Once the pictures are removed, restate the data below word for word.

Data for this exercise Start Marker

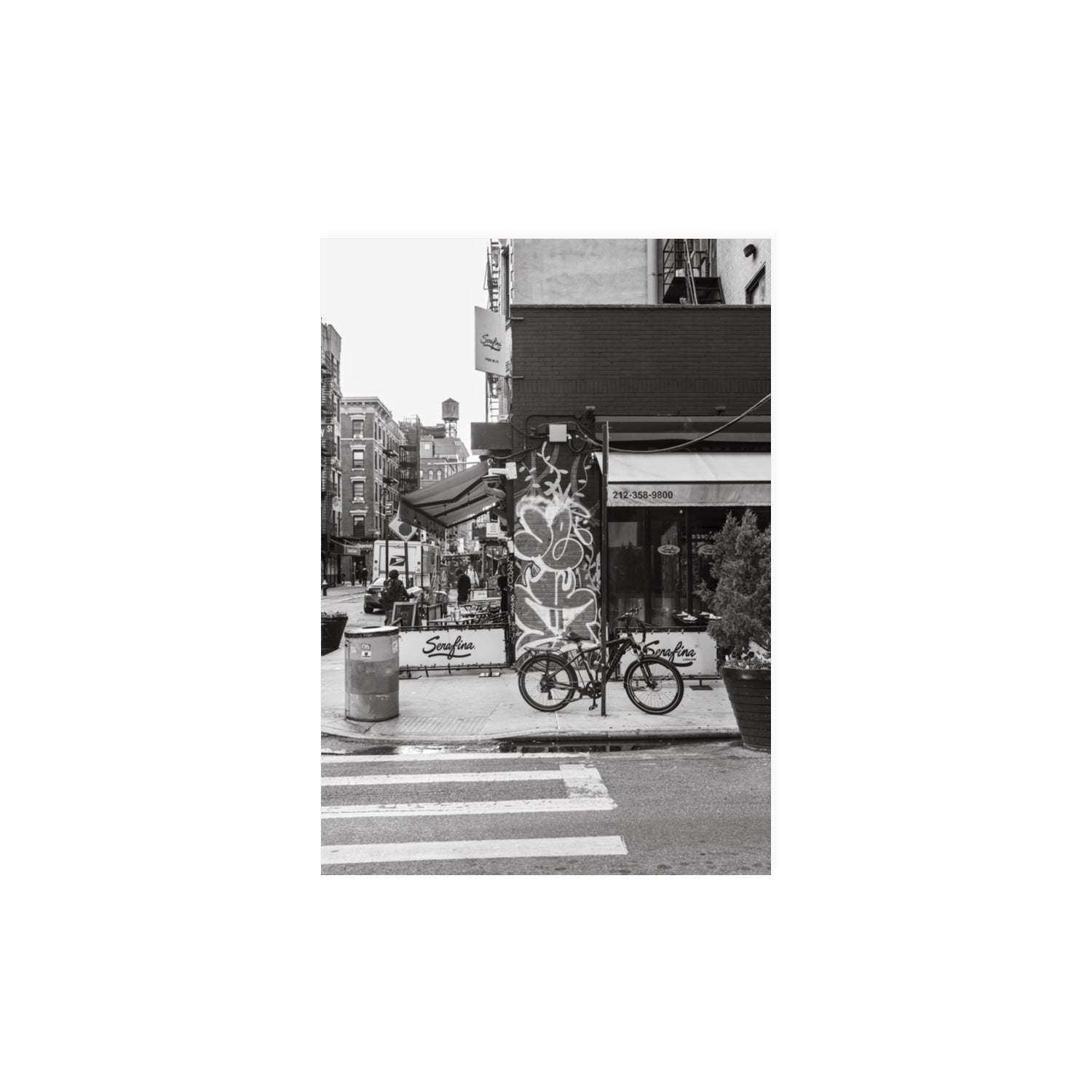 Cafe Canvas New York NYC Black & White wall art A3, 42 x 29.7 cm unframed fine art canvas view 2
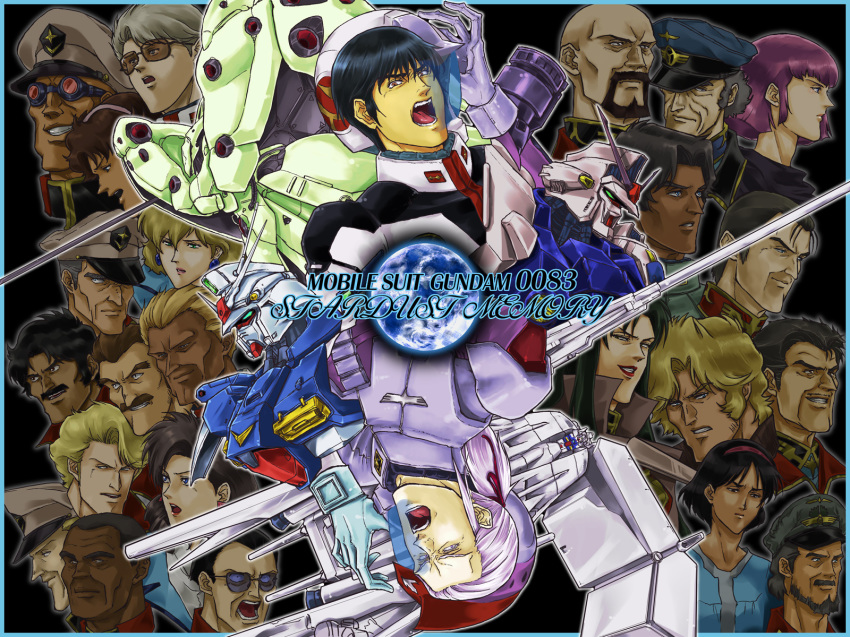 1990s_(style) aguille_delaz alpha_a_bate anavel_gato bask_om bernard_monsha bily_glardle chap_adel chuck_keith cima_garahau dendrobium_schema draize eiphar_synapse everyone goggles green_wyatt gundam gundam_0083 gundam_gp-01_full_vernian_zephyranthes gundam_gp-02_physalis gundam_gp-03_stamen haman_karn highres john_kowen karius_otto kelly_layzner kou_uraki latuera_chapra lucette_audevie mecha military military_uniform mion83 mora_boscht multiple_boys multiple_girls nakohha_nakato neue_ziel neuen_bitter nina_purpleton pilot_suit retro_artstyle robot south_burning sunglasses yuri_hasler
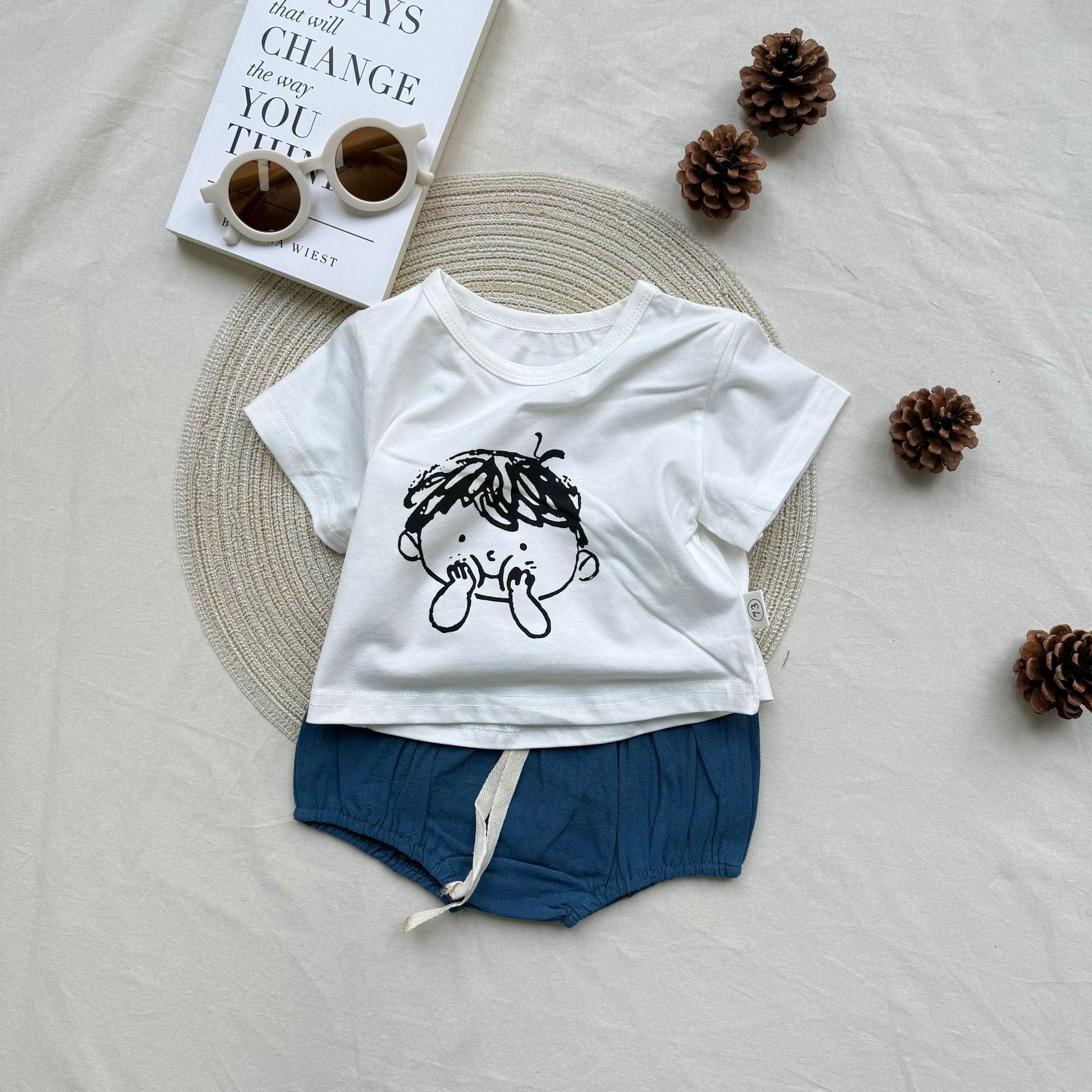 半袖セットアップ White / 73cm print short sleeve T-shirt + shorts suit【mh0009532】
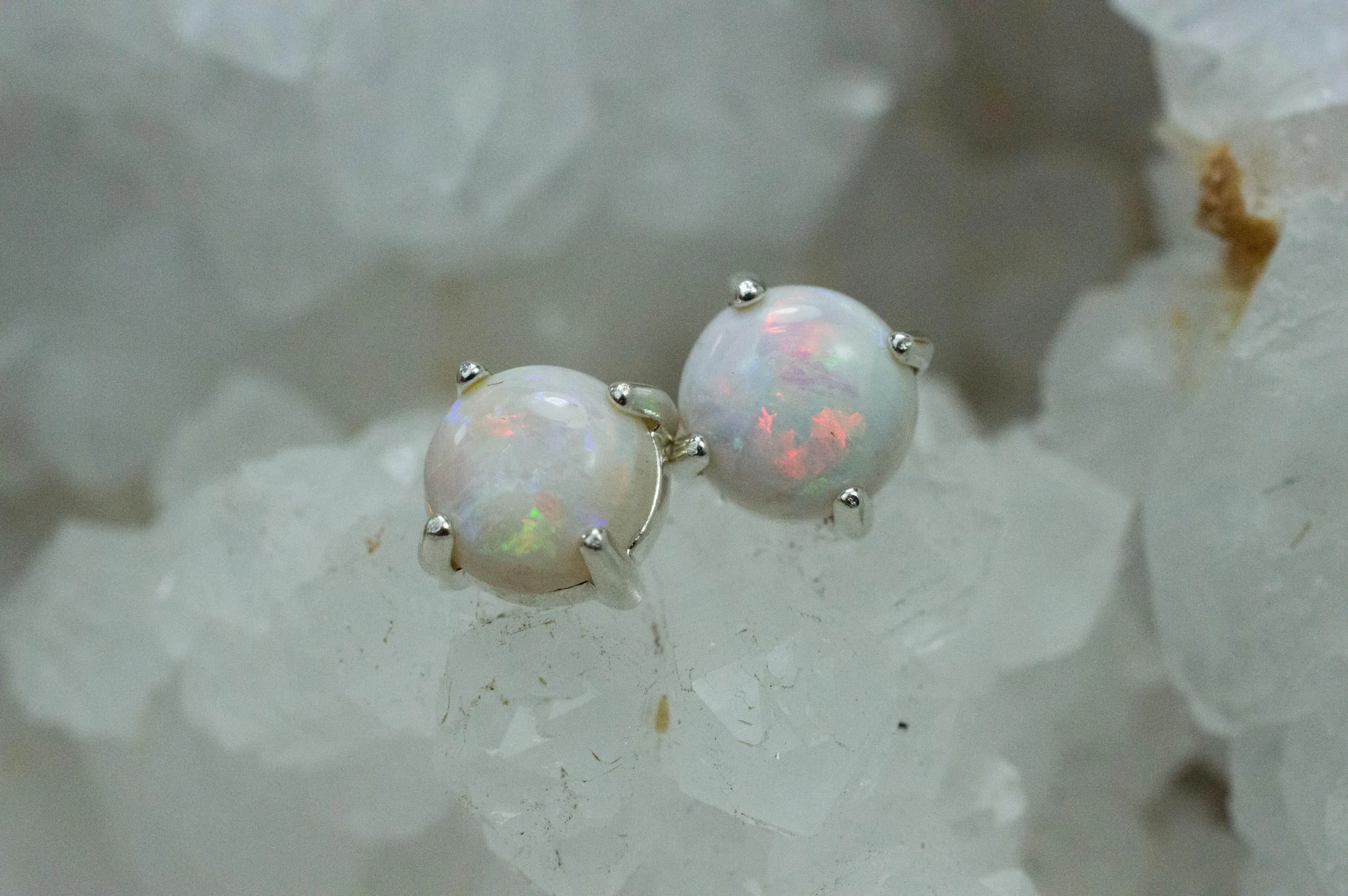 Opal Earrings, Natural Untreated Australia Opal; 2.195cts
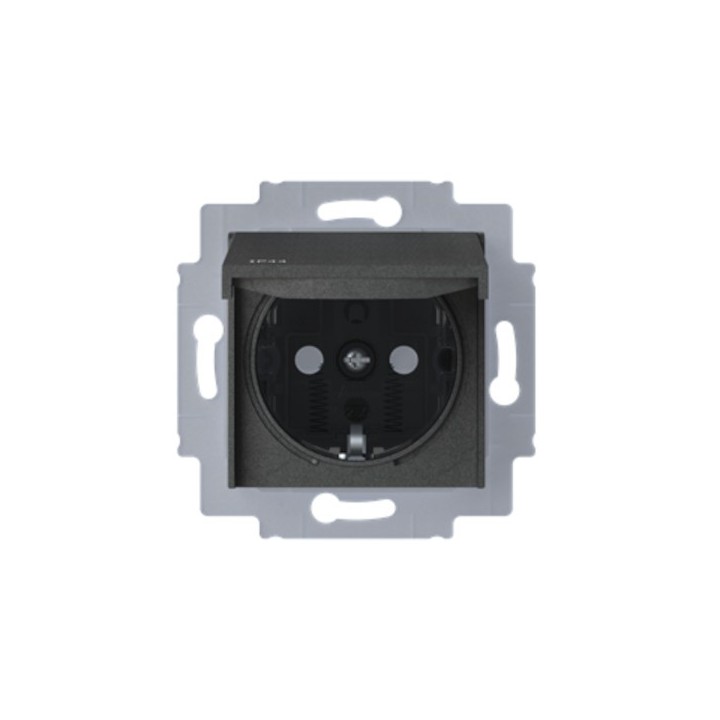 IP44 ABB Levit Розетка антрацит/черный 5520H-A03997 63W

Data for this exercise End Marker

* [Problem solution]
 Cafe Canvas New York NYC Black & White wall art A3, 42 x 29.7 cm unframed fine art canvas view 2
 1990s_(style) aguille_delaz alpha_a_bate anavel_gato bask_om bernard_monsha bily_glardle chap_adel chuck_keith cima_garahau dendrobium_schema draize eiphar_synapse everyone goggles green_wyatt gundam gundam_0083 gundam_gp-01_full_vernian_zephyranthes gundam_gp-02_physalis gundam_gp-03_stamen haman_karn highres john_kowen karius_otto kelly_layzner kou_uraki latuera_chapra lucette_audevie mecha military military_uniform mion83 mora_boscht multiple_boys multiple_girls nakohha_nakato neue_ziel neuen_bitter nina_purpleton pilot_suit retro_artstyle robot south_burning sunglasses yuri_hasler
 半袖セットアップ White / 73cm print short sleeve T-shirt + shorts suit【mh0009532】
 Opal Earrings, Natural Untreated Australia Opal; 2.195cts
 IP44 ABB Levit Розетка антрацит/черный 5520H-A03997 63W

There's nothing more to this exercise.